Запомнилось одно из таких общений, что произошло в нашей квартире. Повод случился самый к застолью подходящий – Сергей Боровиков издал в «Современнике» свою новую книгу об Алексее Толстом (отмечу уж, хорошая оказалась книга и сугубо русско-патриотичная). Автор и редакторы позвонили из издательства, что у них там небольшая сбегока, а после приедут к нам гостевать. В нашем кругу такое было обычным, мы с супругой тут же начали приготовляться к добрым гостям.
Вскоре они приехали, как всегда, «шумною толпой». Разумеется, герой дня румяный Боровиков, редактор книги Асанов, заведующий редакцией Карелин, Машовец с Таней, молодой тогда критик Вадим Дементьев, которому Машовцы очень помогали (оказалось, не в коня корм), и московский гость с Кубани известный писатель Виктор Лихоносов. По поводу тогдашнего весёлого застолья составили стишок, который был чуть позже получен всеми его участниками:
Не Волга то выходит
Из вечный берегов,
В Москву с победой входит
Сергей Боровиков.
Неслыханная слава,
Великая пора,
И вся Москва по праву
Кричит ему «ура»!
Кричат Эмтет Асанов,
Непьющий Машовец,
В опале быв Семанов
И Книгопродавец.
Дементьев, всё отбросив,
На тот примчался пир,
А классик Лихоносов
Надел чужой мундир.
Тут два слова в пояснение: Карелина, главу большой редакции, мы в шутку звали «Книгопродавец», с ударением почему-то на последнем слоге. И ещё, в моей коллекции имелся генеральский мундир царских времён, был он сшит гениально и замечательно сидел на любом мущине. А Лихоносов тогда замышлял роман о дореволюционной жизни, мундир ему ужасно понравился, так он и просидел в нём всё застолье, сверкая голубыми глазами и что-то шепча. Видимо, воображал себя министром Императорского двора бароном Фредериксом или атаманом Кубанского казачьего войска.

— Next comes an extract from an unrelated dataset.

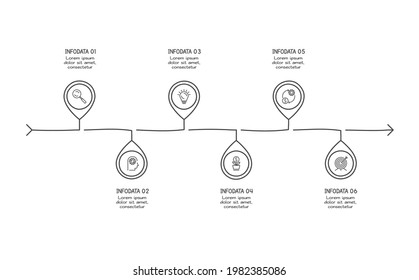 Doodle infographic elements with 6 options. Vector business template for presentation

Как видим, от так называемого «застоя» и даже прямых гонений на нас, русских литераторов, мы не очень-то страдали. И продолжали, по мере сил каждого, исполнять свой долг.
Приходится вспомнить хрестоматийное: «одних уж нет, а те далече…» Раньше времени ушли из жизни Саша Карелин и Лёня Асанов, вот не стало и Коли. Все они оставили по себе добрую, истинно светлую память. Родные, друзья и сотоварищи вечно станут поминать их добром.
Как они того и заслужили.
Сергей Семанов
--------------------------------------------------------------------------------
Приглашаем обсудить этот материал на форуме друзей нашего портала: "Русская беседа"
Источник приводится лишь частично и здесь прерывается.